But it wasn’t always so.

Literacy was forced upon me in first grade. I had no desire to read. It wasn’t that I was proud of my ignorance or deficiency, but I simply didn’t realize I was ignorant, and wasn’t aware that I was missing anything. Learning to read was easy for me–too easy, probably. It unlocked nothing for me, solved no problems.

From the time I was three I was always drawing and always watching cartoons. Decades after I developed a genuine love for the written word, I would still denigrate writing as the dumb stepbrother of drawing. I remember in one of my many cartooning books the author had stated, “Good writing will carry bad art, but good art won’t carry bad writing.” It was the most heretical blasphemy at the time, but now so obviously true.

There was only one story that I cared about as a small child–The Legend of Sleepy Hollow–and that was because Dad told it to me. Right before bed. When I was three. I loved, and was terrified by, that story.

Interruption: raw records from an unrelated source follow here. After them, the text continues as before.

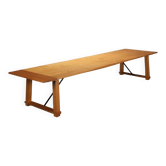 Antique oak and metal table, Italy, 20th century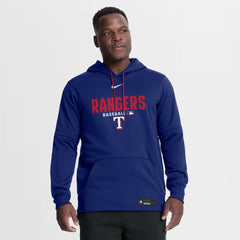 Texas Rangers Authentic Collection Therma-FIT Hoodie - Royal | Nike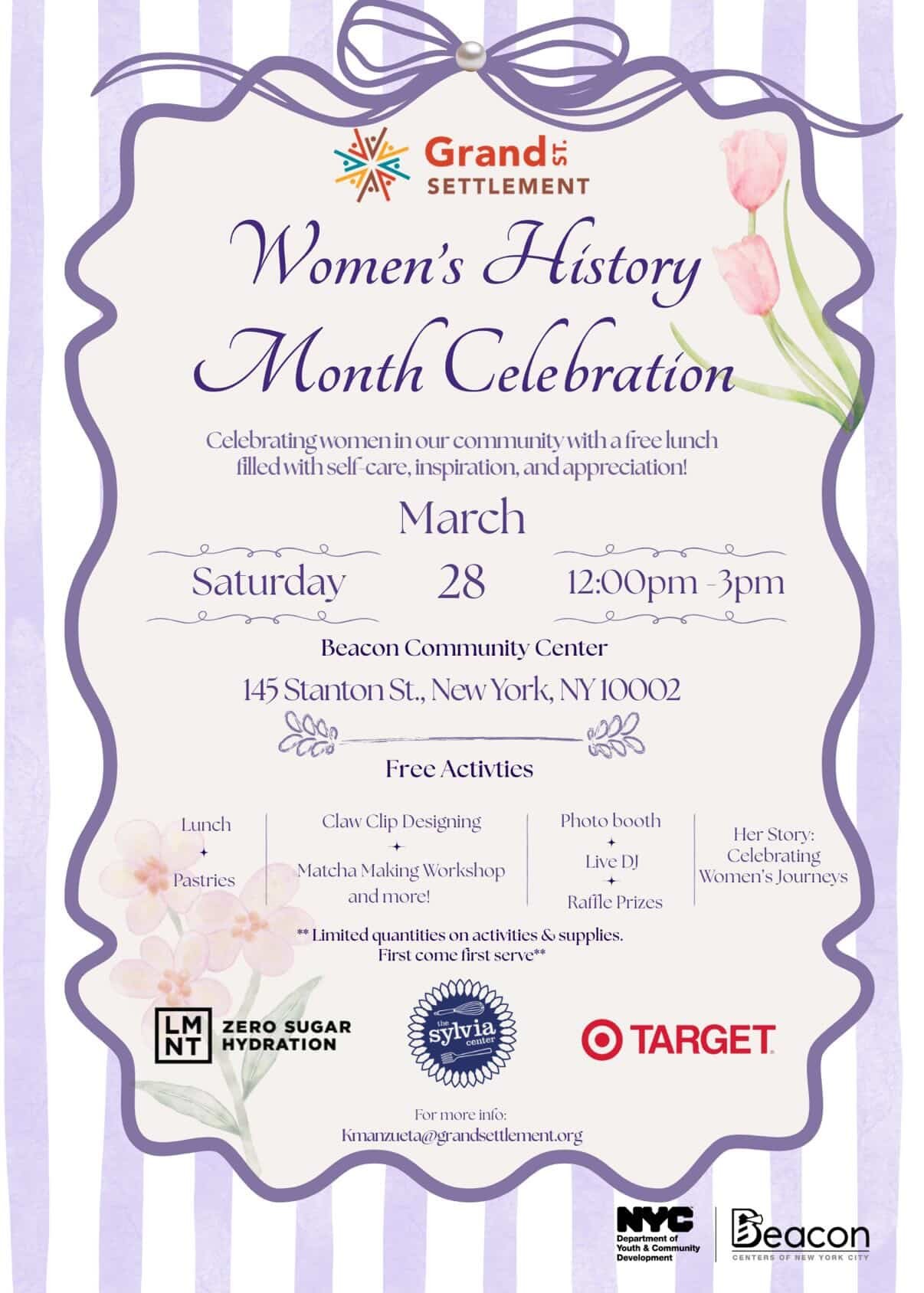 Grand St. Settlement Women's History Month Celebration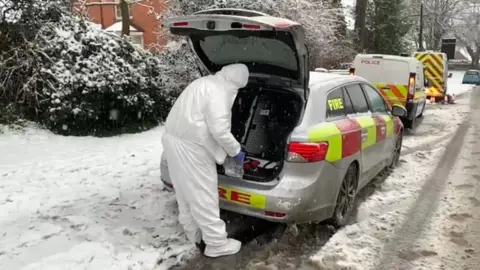 Halam break-in stabbing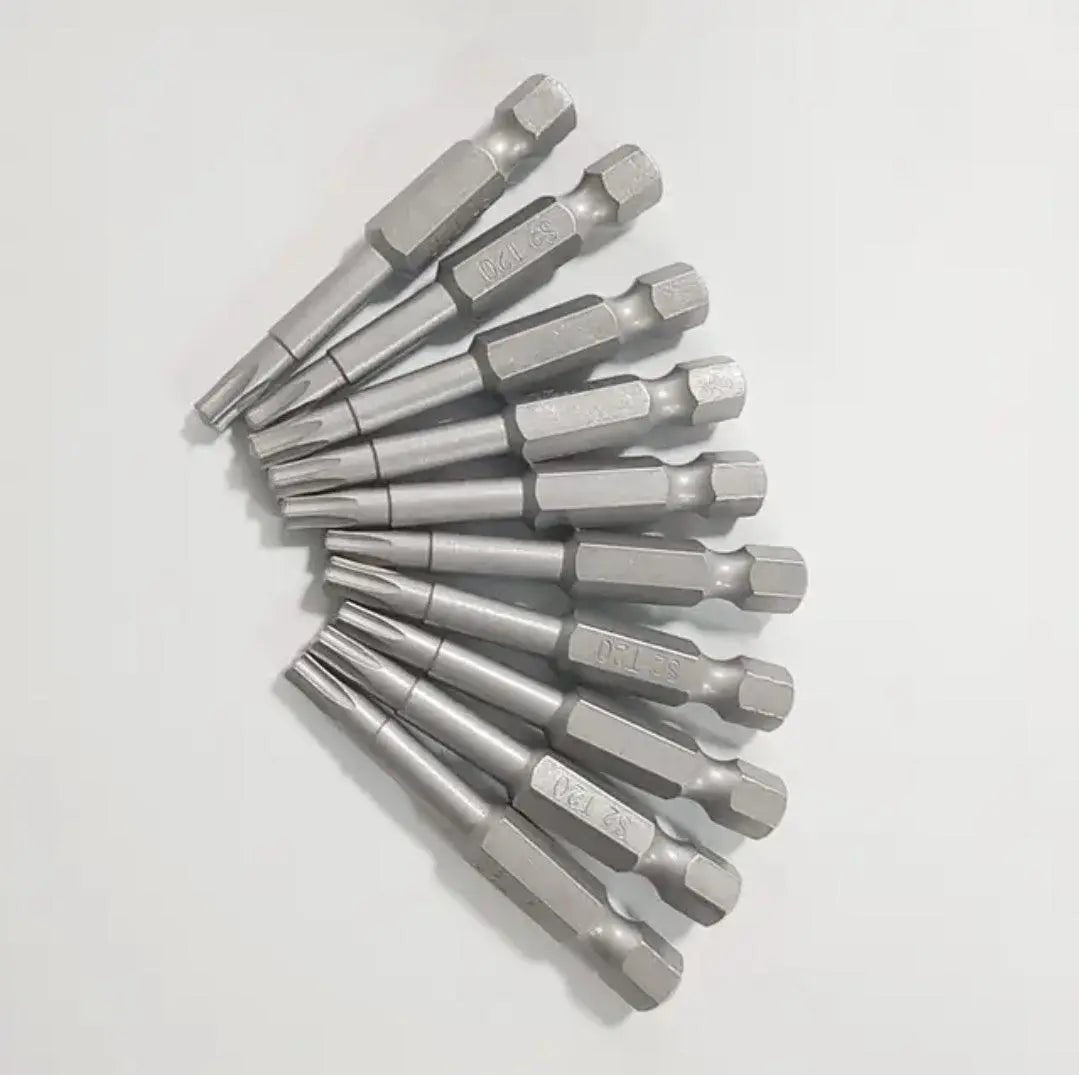 Top-Tools.nl TORX T27 Bits Set – 10-Delig Duurzaam Staal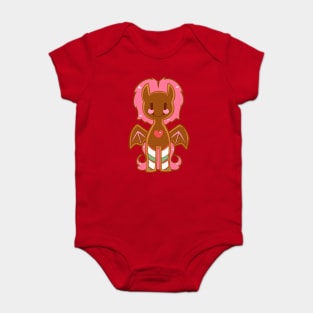 Gingerbread Pony Cookie Baby Bodysuit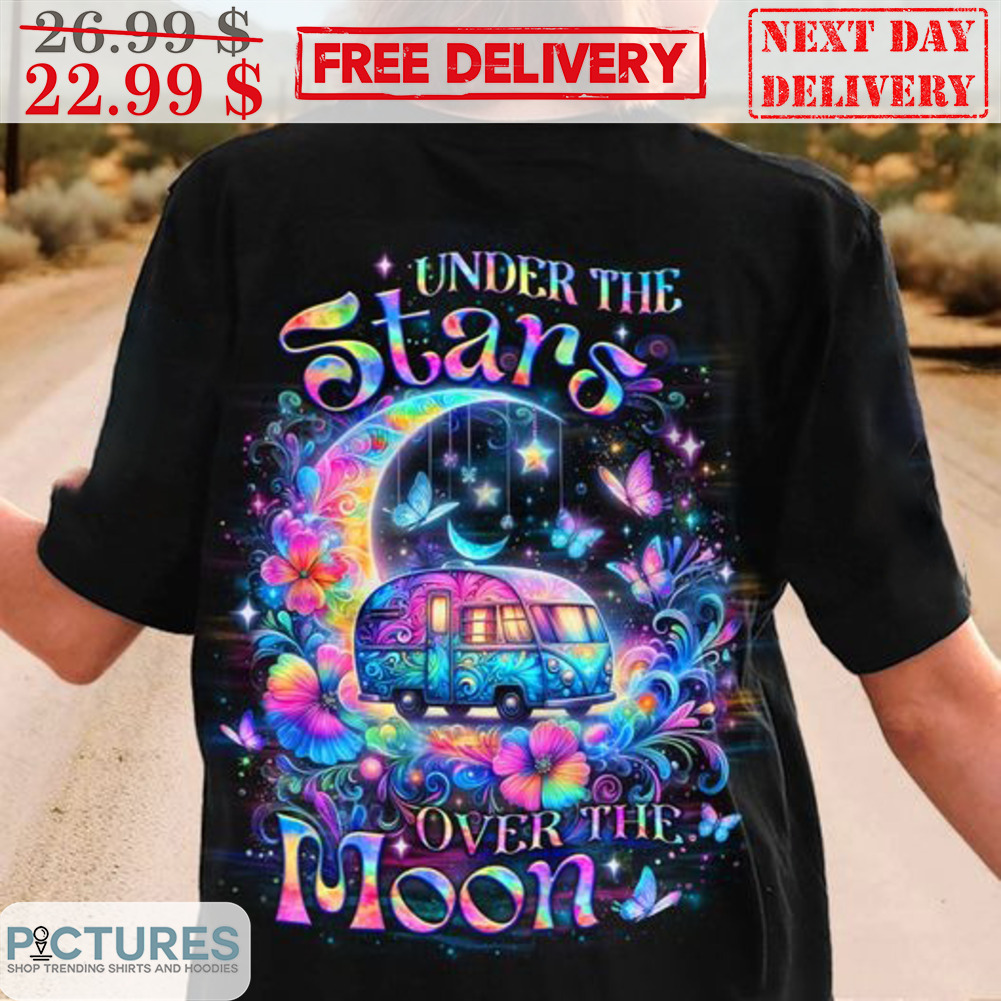 Under The Stars Over The Moon Colorful Shirt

So when Mom gave me $5 to go take to the first grade book sale to get whatever I wanted, all I wanted was information, not stories. Specifically, information on snakes and dinosaurs. After that lack of literature, I would get my book choices supervised.

Still, Mom did do one very clever thing: she bought lots of children’s books, and then promptly did not make me read them. Just left them around the house. When we hit garage sales, action figures were maybes, but books were almost guaranteed to be approved (providing they weren’t about snakes or dinosaurs).

Tonight I started The Secret of Lost Things by Sheridan Hay. I’m still in the middle of reading The Fatal Shore by Robert Hughes. As I write this I am flanked by a giant pile of books, two large bookshelves full of books (one of which I built), and in the midst of typing this I had to give in to the sudden urge to purchase Burton Raffel’s translation of Beowulf.

I realize that I owe a debt of gratitude to the following people:

  • My mom and dad
  • Mrs. Handley
  • Benjamin Rush
  • Benjamin Franklin
  • Robertson Memorial Library
  •  Trails Regional Library, Corder branch
  • Mrs. Sheehan
  • Mrs. Redden
  • Mrs. Smith
  • Mrs. Alfino
  • Mrs. Craig
  • Any of you who have ever given me a good book

If you can read this, give thanks to God that you have working eyes and a working brain, and give thanks to the parent or teachers who taught you how to read, or how to read better.